Sobald wir nun im Zug sitzen, fällt uns auf, wie viel Platz im Gegensatz zum Flugzeug für Beine und andere Körperteile bleibt. Den „Start“ und die „Landung“ können wir ganz entspannt „unangeschnallt“ erleben. Und auch nach langen Sitzphasen lässt sich mehr Strecke zu Fuß zurücklegen als nur die paar Meter zur Flugzeugtoilette. Die mitgebrachten Trombosestrümpfe sind daher wohl auch nicht nötig. Wenn der Zug mal ins Ruckeln kommt, wirkt das gleichmäßige Geratter eher einschläfernd und beruhigend. Bei Turbulenzen im Flugzeug krallen wir uns dagegen eher ins Sitzpolster oder malen uns bereits spektakuläre Absturzszenarien aus. Zug(!)egeben die Stewardessen im Flugzeug haben ein wenig mehr Glamour als das Zugpersonal. Auch können sie mit besseren Englischkenntnissen auftrumpfen (Beispiel: „Welcome on board the ICE“), aber dafür hat das Bahnrestaurant und der Snackwagen kulinarisch mehr zu bieten.

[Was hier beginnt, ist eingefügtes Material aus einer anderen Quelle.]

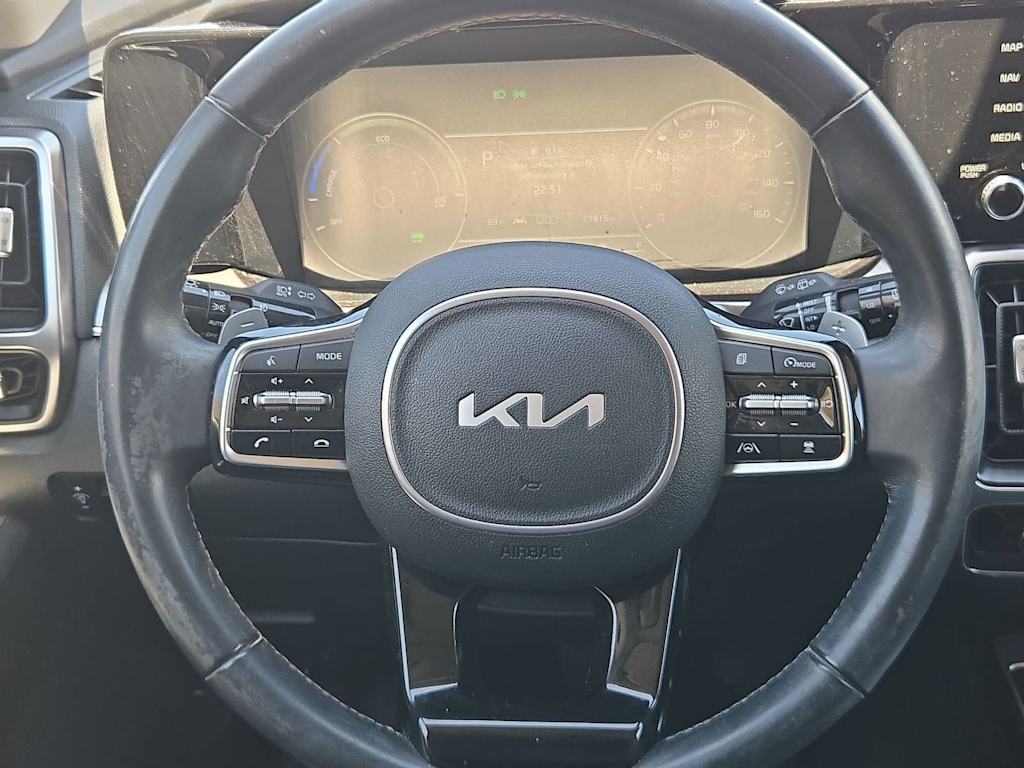 Thumbnail: 2023 Kia Sorento - 13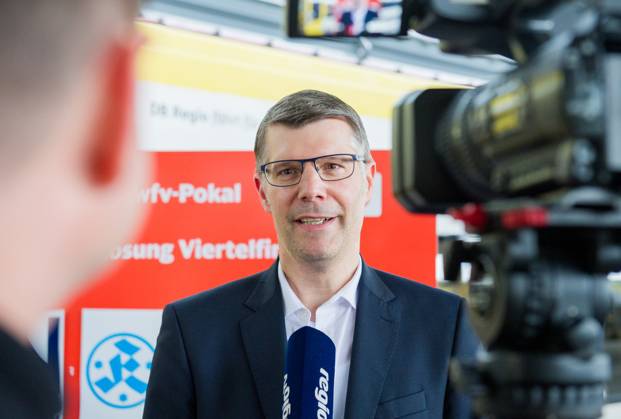 Matthias Schoeck (wfv-Praesident ) im Interview GER, Stuttgart, Auslosung für die Viertelfinal- und Halbfinal-Partien im DB Regio-wfv-Pokal der Herren 2022 23, 20.01.2023, Hauptbahnhof Stuttgart. Gleis 1 in einem Elektrotriebwagen der Baureihe 442 von Bombardier, der üblicherweise auf der Gäu- bzw. Murrbahn verkehrt. GER, Stuttgart, DB Regio-wfv-Pokal der Herren 2022 23 Copyright: xSandyxDinkelackerx EP_SDR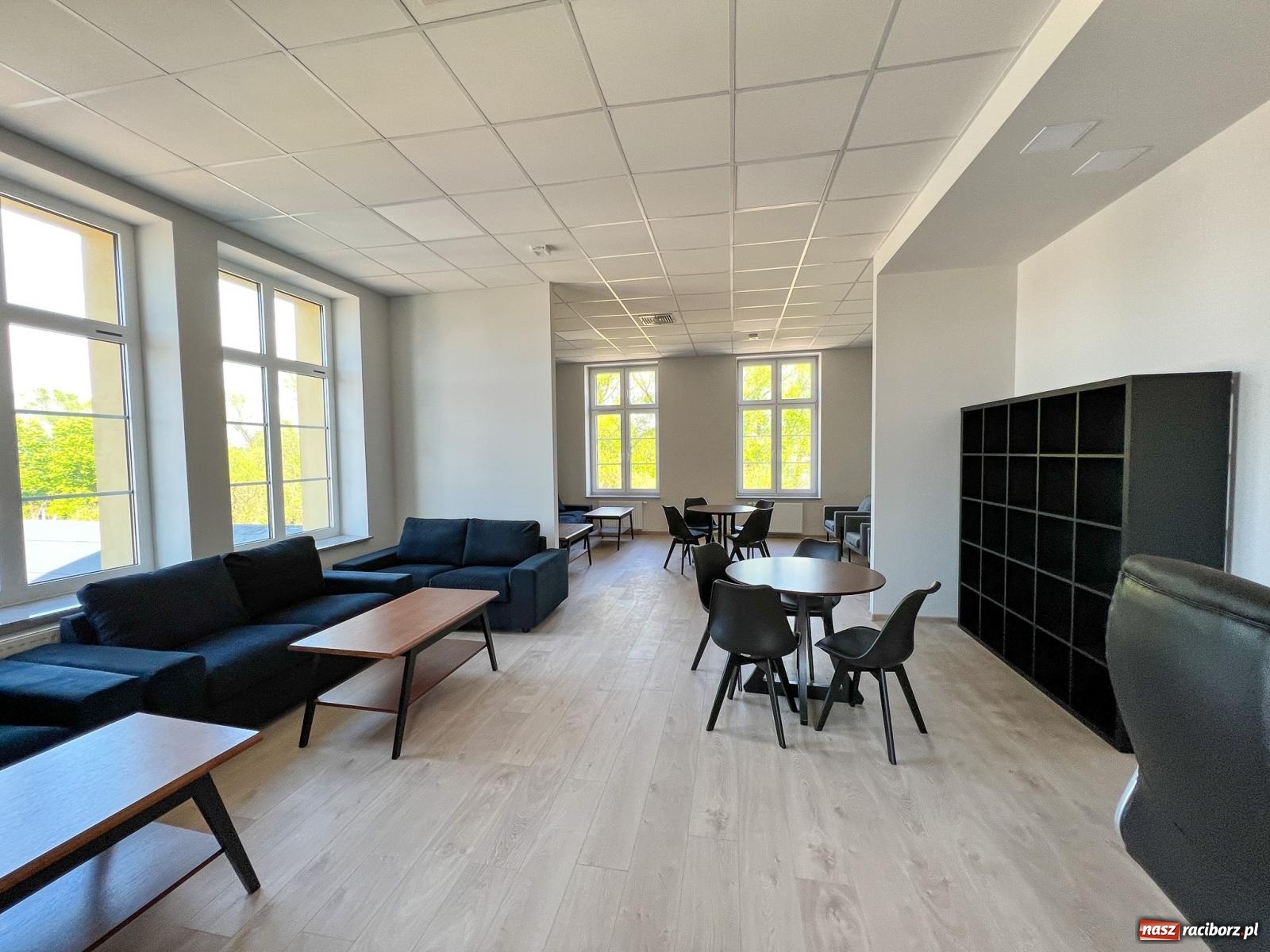 Zdjęcie w galerii na portalu naszraciborz.pl: Pietrowice Wielkie ruszają w nową podróż. Odnowiony dworzec stał się Stacją KULTURA [FOTO i WIDEO] wiadomości z regionu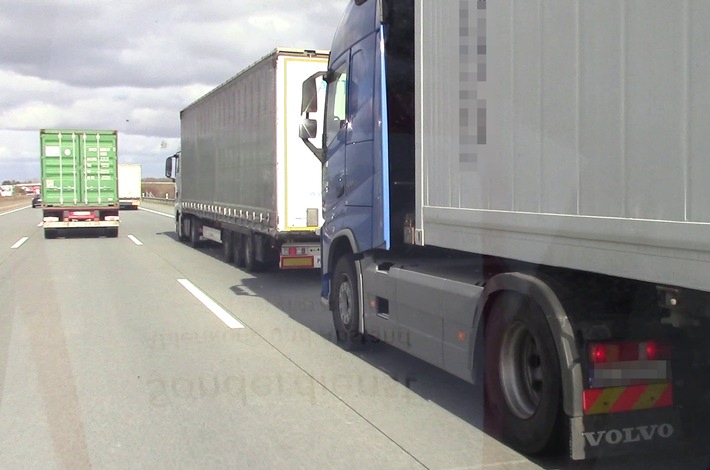 POL-ROW: ++ Abstandskontrollen auf der Hansalinie - Autobahnpolizei Sittensen setzt Aktion fort ++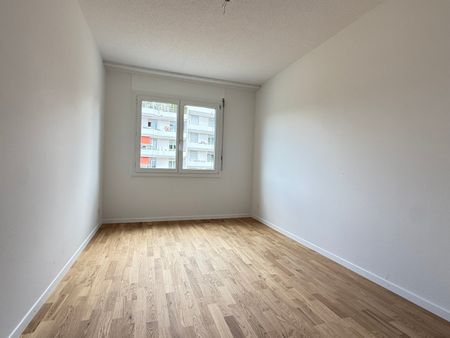 ERSTVERMIETUNG nach Sanierung: 4.5-Zi-Wohnung mit Balkon im Eigentumsstandart - Foto 4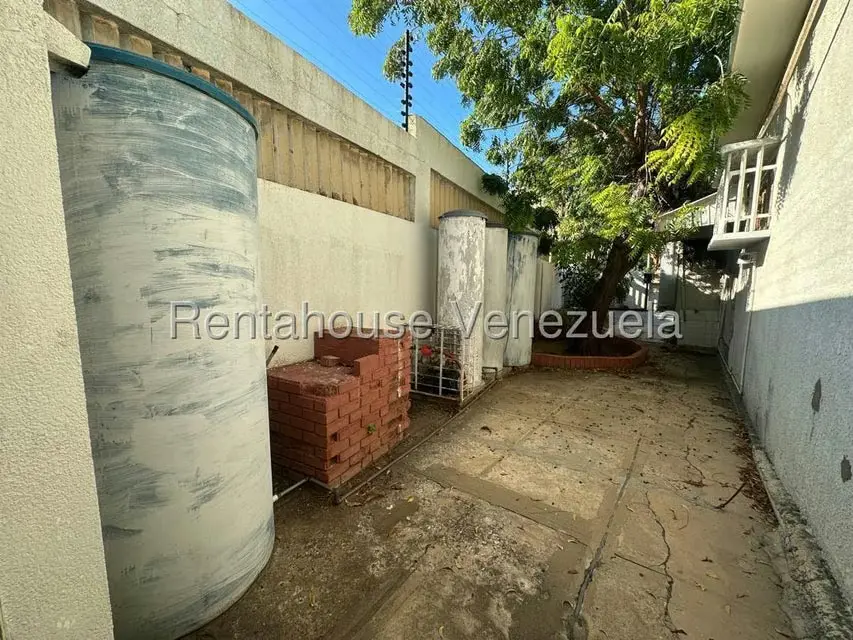 Casa (1 Nivel) en Alquiler en Zapara, Zulia - 36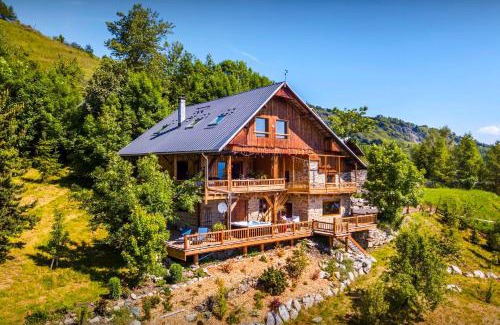 Villarembert Ski Chalet | Chalet Bendo - OVO Network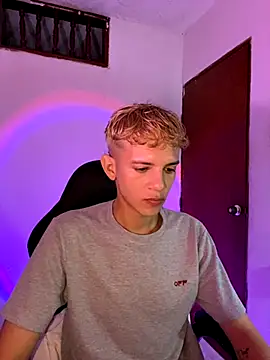 Snapshot of tylernova chatting on 11/09/25, 04:00 tylernova online show from 11/09/25, 04:00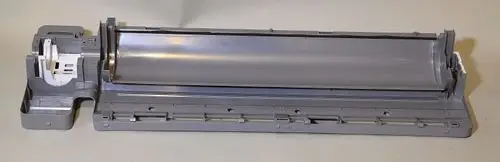 Remko-Geräterücken in grauer Ausführung, bestehend aus einem Hauptgehäuse mit einer runden, glatten Oberfläche und einem weißen Anschlussbereich auf der linken Seite.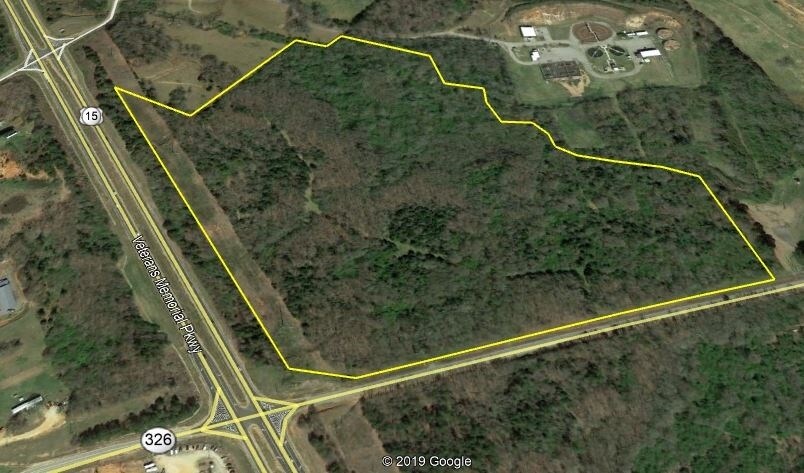 0 Old Carnesville Road Highway 441 & 326, Commerce, GA for sale - Primary Photo - Image 1 of 1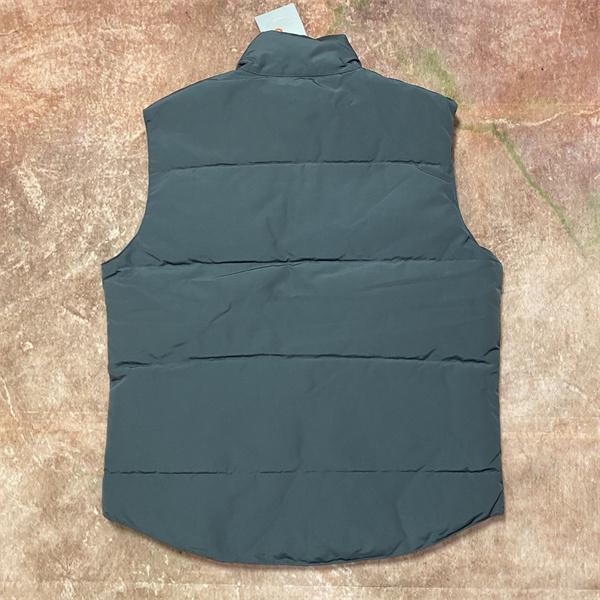 冬新登場 Canada Goose カナダグース 偽物 ダウンジャケット ネイビー 本格派 伝統 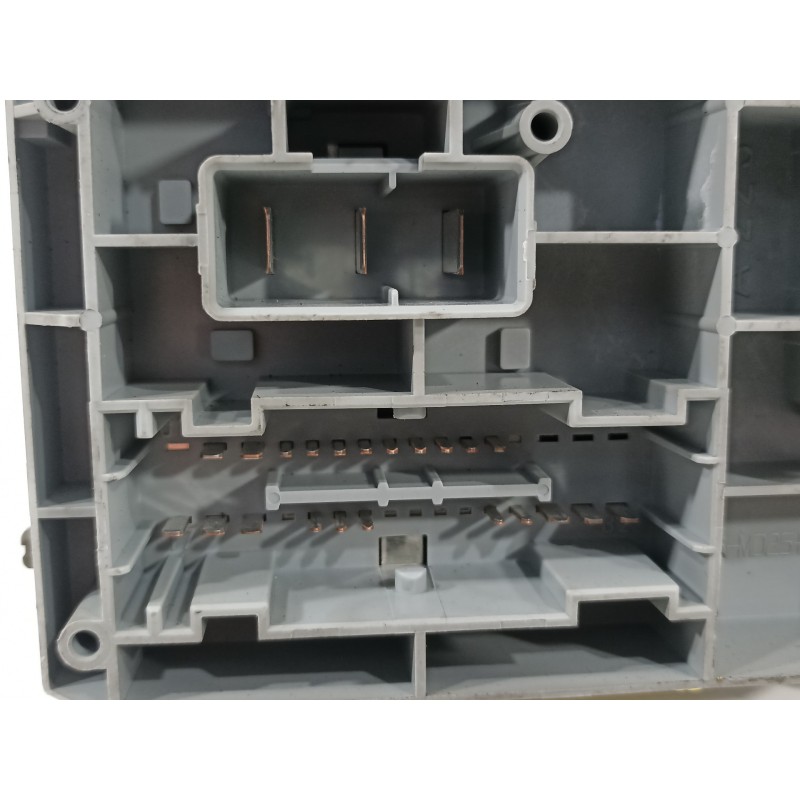 Recambio de caja reles / fusibles para alfa romeo 147 (190) 1.6 ts 105 progression referencia OEM IAM 51742419  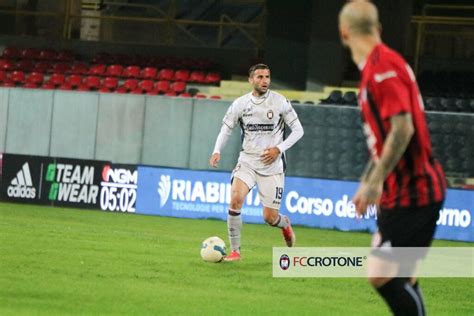 Foggia Crotone 2 0 La Gallery F C Crotone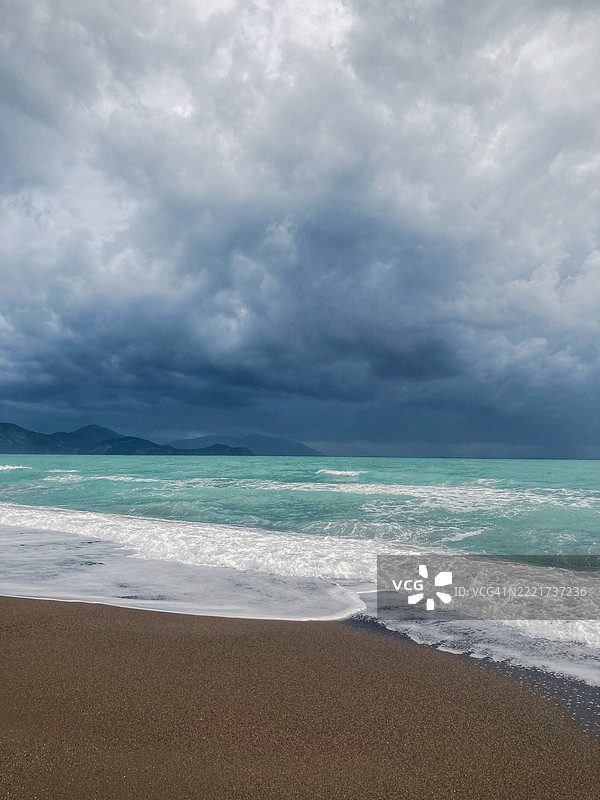 土耳其海面与多云天空的美丽景色图片素材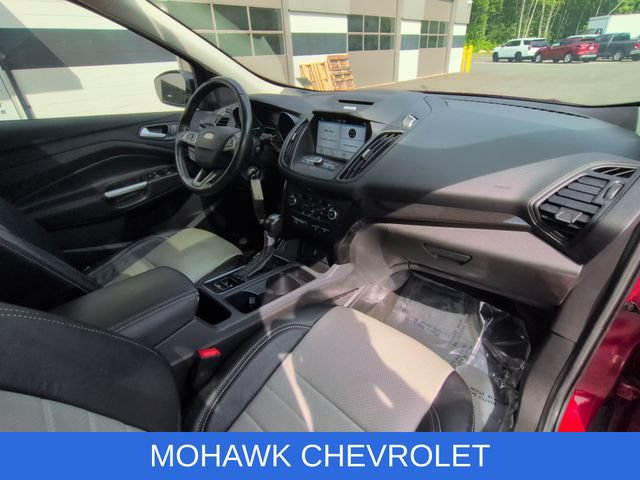 Used 2017 Ford Escape SE w/ Equipment Group 201A AWD/4WD image 29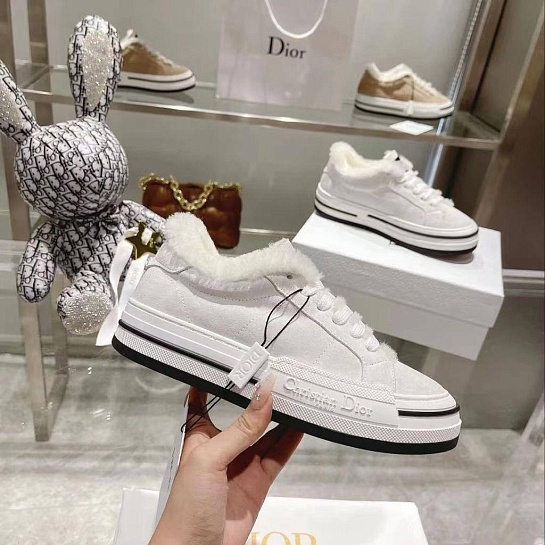 Женские замшевые кроссовки с мехом Dior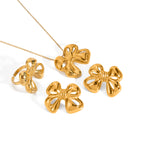18K Gold Bow Pendant Necklace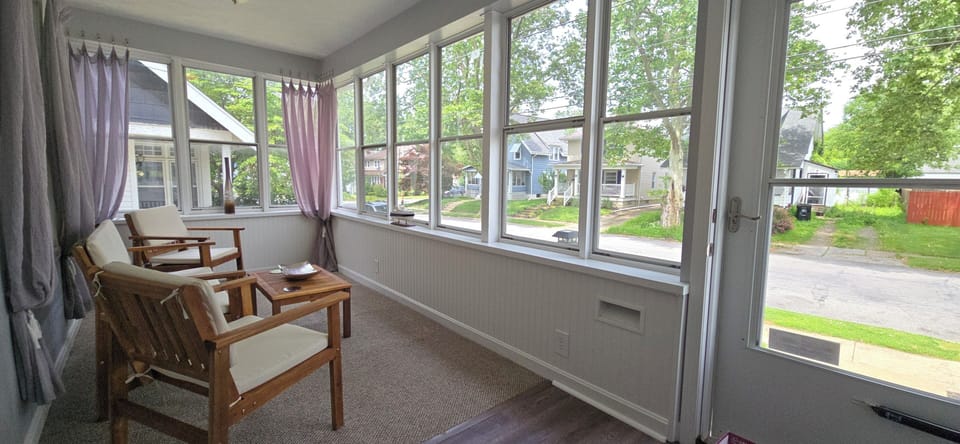 Front Porch / Entry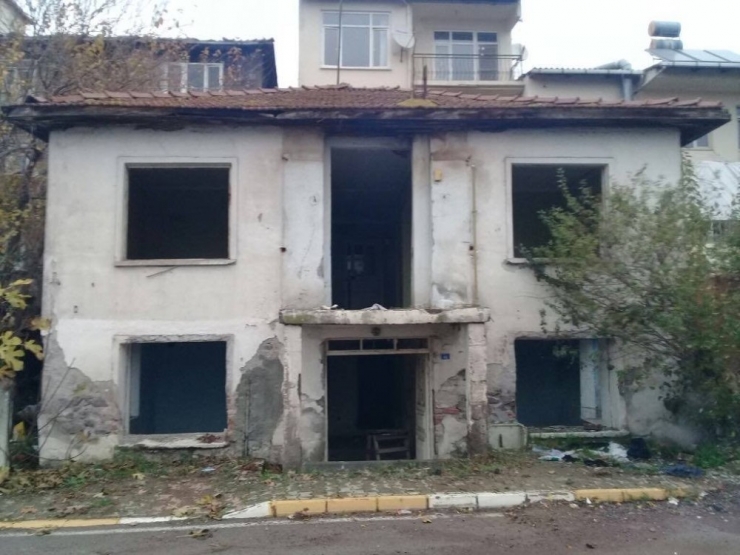 Körfez’de Kaçak Yapılarla Mücadele Sürüyor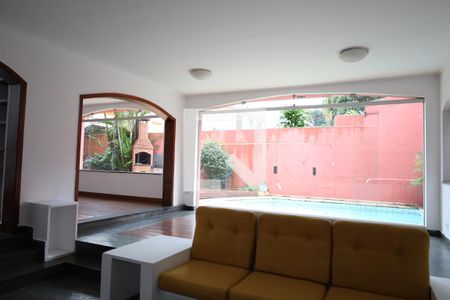 Casa para alugar com 4 quartos, 428m² em Interlagos, São Paulo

Fazit: Natürlich kann das Bahnfahren längere Reisewege, zum Beispiel über das Meer, nicht ersetzen. Für vergleichsweise kurze Strecken sollte man die Alternative Bahn aber durchaus einmal in Erwägung ziehen. Ein großer Aspekt, der vor allem für das Reisen auf Gleisen spricht: Bahnfahren ist der wohl umweltfreundlichste Weg zu Reisen. Auch wenn wir vielleicht schon Ökostrom beziehen und Biosprit tanken, gönnen wir uns beim Urlauben meist eine Extraportion CO2 und vergrößern so unseren ökologischen Flip-Flop-Abdruck innerhalb weniger Stunden. Vielleicht ist es Zeit, auch über den Alltag hinaus nachhaltig zu denken.